Ahmedabad, Gujerat, India
November 15th – 17th 2010
The 15-hour (really, 17.5 hours) bus-ride from Aurangabad was quite brutal. As I couldn’t get a sleeper, I had to sit in a chair that, despite its ‘luxury’ status, had small roaches crawling on the walls beside me. I spent some time battling them but I soon realized there were just too many to kill so I just leaned away from the walls. I wish they would do some pest control on the bus. I’m too scared to take another Indian bus now so I’m going to stick to trains if I can help it. (Depends on where you are and where you want to go, sometimes, there are no trains so buses are the only option.)
The guidebook was right – Ahmedabad is a very smog-filled city. The auto-rickshaw driver that brought me to my hotel followed me right in. I’m assuming he wanted to claim he recommended the hotel to me, thereby getting a commission. Of course, any commission paid will mean I would have to pay more. But this time, I didn’t say anything. I didn’t think the commission would be that much. (I recently read that some places even give up to 80% of the room rate as commission, meaning the guest is paying a TON more!

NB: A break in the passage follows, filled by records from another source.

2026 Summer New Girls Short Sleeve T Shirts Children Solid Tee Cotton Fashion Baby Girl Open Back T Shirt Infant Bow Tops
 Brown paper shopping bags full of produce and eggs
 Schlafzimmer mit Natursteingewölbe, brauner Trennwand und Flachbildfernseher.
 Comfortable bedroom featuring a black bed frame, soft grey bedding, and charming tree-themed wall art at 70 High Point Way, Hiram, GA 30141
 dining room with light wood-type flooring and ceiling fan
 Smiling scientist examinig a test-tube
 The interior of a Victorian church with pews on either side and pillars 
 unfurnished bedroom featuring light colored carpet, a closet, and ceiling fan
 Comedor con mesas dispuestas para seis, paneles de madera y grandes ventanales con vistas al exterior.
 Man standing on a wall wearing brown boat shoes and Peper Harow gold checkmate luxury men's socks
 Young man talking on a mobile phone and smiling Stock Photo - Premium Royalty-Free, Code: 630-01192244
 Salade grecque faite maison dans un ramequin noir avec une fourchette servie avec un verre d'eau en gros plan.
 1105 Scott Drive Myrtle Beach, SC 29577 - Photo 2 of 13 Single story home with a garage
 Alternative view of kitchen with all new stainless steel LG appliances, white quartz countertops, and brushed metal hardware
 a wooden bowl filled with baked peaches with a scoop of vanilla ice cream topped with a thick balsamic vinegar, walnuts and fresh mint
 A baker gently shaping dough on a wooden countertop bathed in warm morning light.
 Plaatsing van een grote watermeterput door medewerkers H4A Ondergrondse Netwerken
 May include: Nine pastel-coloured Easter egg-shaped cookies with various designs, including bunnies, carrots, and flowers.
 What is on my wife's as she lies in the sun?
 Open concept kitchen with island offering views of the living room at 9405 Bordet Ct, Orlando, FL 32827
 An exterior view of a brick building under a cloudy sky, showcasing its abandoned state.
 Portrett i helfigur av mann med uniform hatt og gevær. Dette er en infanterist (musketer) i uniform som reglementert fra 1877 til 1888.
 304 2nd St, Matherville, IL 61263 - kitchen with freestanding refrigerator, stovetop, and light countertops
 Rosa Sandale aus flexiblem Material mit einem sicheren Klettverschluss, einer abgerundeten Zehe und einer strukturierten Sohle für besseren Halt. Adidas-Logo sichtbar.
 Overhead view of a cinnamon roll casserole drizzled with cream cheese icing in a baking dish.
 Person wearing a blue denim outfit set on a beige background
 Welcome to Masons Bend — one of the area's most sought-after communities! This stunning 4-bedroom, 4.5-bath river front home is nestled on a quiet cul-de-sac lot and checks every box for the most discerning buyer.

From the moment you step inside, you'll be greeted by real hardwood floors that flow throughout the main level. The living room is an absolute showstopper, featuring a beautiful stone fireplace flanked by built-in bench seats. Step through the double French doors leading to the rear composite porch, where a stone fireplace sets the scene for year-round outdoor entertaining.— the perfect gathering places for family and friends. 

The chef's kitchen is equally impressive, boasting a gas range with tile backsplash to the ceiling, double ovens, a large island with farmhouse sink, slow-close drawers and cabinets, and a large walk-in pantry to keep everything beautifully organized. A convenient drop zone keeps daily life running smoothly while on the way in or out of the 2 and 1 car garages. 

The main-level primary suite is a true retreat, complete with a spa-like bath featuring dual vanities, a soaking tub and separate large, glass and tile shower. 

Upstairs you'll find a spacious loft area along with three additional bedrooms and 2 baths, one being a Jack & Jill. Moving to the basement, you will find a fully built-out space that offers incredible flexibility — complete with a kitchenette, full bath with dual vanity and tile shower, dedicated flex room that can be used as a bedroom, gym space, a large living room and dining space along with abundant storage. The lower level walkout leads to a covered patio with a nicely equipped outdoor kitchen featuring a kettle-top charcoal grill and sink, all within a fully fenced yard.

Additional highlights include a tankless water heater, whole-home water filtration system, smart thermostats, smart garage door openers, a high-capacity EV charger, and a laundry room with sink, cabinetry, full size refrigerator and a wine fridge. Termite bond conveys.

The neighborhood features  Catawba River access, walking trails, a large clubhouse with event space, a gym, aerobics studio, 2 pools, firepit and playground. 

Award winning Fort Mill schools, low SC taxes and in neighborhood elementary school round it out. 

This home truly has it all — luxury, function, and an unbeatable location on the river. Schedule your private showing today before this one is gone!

From now on, I’ll say something to the guesthouse if the auto-rickshaw driver did not bring me there on his own recommendation.) Luckily for me, that day, the rates were roughly what they were in my guidebook so I wasn’t cheated big time.
(Good street food.)
The streets were packed with people, some cars, many auto-rickshaws, bicycles, and motorcycles. At times, I found it difficult to breathe. There were plenty of shops lining the streets. One thing I’ve noticed is that in India, they love having multiple shops in a row selling the same products. (This theme was also constant throughout Africa and Turkey.) Is this because the city mandates this, where shops are grouped by product types? If I were a business owner, I’d want to set up shop where there are very few other shops selling my products, not where all my competition is. Of course, this would probably help the consumer in terms of prices.
I managed to visit the Dada Hari Ni Vav, a great looking stepwell, located a little ways from the city center. I actually walked there after plenty of auto-rickshaw drivers didn’t know what it was (come on fellas, it’s supposed to be famous!). The closer I got though, I started meeting people who could point me in the right direction. After spending some time checking it out (it was eerily quiet as I descended the steps to the bottom of the well), I walked back and found some auto-rickshaws. I asked one of the drivers if he could take me to the supposedly ‘world-famous’ (guidebook famous but not locally famous I suppose) Calico Textile Museum. The guy looked a little lost but told me to hop on. I figured maybe he did know where it was. I also wanted to do an experiment – use the meter instead of agreeing on a price beforehand. So he set up his meter and off he went.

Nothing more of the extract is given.